Si sceglie una facoltà o una ragazza non con la logica di chi “valuta” e “discute”, ma a partire da un sentimento che vorremmo ci trascini e ci mostri chiaramente la verità. Uno studioso francese ha scritto un libro dal titolo significativo: “Il culto delle emozioni”. Noi viviamo il tempo non dell’uomo “sapiens”, ma dell’uomo in balia degli affetti emotivi.

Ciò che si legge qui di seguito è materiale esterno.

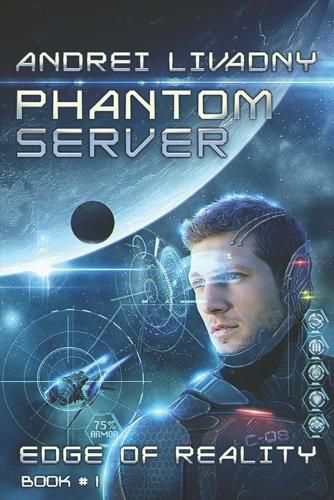 Cover image for Edge of Reality (Phantom Server: Book #1)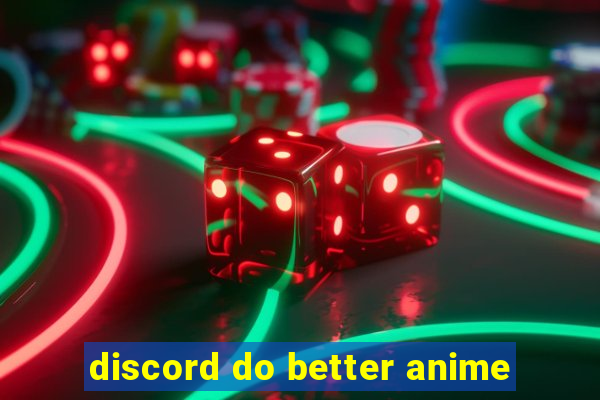 discord do better anime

Per questo i ragazzi hanno un grande idolo: “sentire” e come dicono “divertirmi”. Non vogliono spendere il loro tempo per qualcosa di buono e che anche loro “sanno” che è buono, ma vogliono andare dove qualche sentimento o amico li porta, vogliono uscire dal peso della vita e provare emozioni (spesso forti e violente, spesso dove perdi il controllo di te)… Anche gli adulti mostrano un affetto tale verso i figli che dicono: “come si fa a dirgli di no?”, bloccati dalla loro stessa pancia, dal loro stesso (forse possessivo?) amore spontaneo per i figli. E la paura degli anziani di fronte alle notizie sempre cattive del telegiornale? Così lamentosi verso il mondo eppure in fondo così attratti dal loro stesso sconforto e dalla loro stessa emozione della paura.

Tornare a convertirsi –è il richiamo del Battista– significa tornare a domandarci come amiamo, come desideriamo, come viviamo le nostre emozioni e la qualità di queste emozioni oltre il loro nascere spontaneo e immediato. Sono emozioni vere e desideri sani oppure sono vuoti riempitivi, sono paure, fughe, sono una forma di narcisismo? Vivere così dominati dalla proprie emozioni e sentimenti ci fa vivere più sensibili e attenti agli altri oppure alla fine siamo sempre preoccupati di noi stessi e dei nostri stessi “mal di pancia”? Perché molto spesso più si vive di emozioni spontanee più si diventa in realtà insensibili e incapaci di sentire l’altro che ci è affianco. Paradossalmente molti giovani che cercano emozioni sono poi incapaci di “sentire” davvero, di apprezzare un tramonto, di accorgersi che il proprio genitore, la propria nonna, o il proprio fratello che vive di fianco a noi ha bisogno di un aiuto, di una parola…

Per questo serve la fatica di un cammino. Perché spontaneamente si diventa anche più distratti o più cinici o più arrabbiati nei confronti della vita. Invece sempre abbiamo bisogno che qualcuno venga a salvarci. Qualcuno ci deve aiutare a rimettere in discussione le nostre emozione e i nostri sentimenti spontanei. Lo racconto Flaubert, narrando la storia di S. Giuliano ospitaliere, nel libro Tre racconti. Un ragazzo non che abolisce i suoi sentimenti, ma che li converte e lo fa a partire da uno sguardo e da un incontro.
Racconta Flaubert che l’adolescente Giuliano ha preso il gusto di uccidere gli animali. Insensibile si è abituato al loro sangue e a vederli morire. Un giorno però incontra un cervo che colpisce con una freccia in piena testa. Prima di crollare, l’animale gli si accosta tranquillamente e lo fissa con i suoi occhi fiammeggianti. Davanti a quello sguardo Giuliano è assalito dalla sua vergogna. Presto le emozioni violente della carneficina e della vendetta perderanno ogni attrattiva ai suoi occhi. Si lascerà invadere da emozioni di altro tipo. Giuliano imparerà un nuovo modo di accogliere l’altro e di vivere anche quel sentimento di impotenza che molte volte ci assale quando vogliamo veramente bene. La strada della conversione e del sentimento vero implica la rinuncia al possesso, scoprirà poi S. Giuliano. Ma occorre uno sguardo, una persona che ci vuol bene e che noi prendiamo sul serio, occorre seguire il Vangelo. Esso magari ci farà sentire per un momento in colpa, ma non importa, sapremo che questa sequela vale la nostra fatica perché c’è in gioco la verità dei nostri affetti e delle nostre relazioni. E cos’altro abbiamo di più prezioso?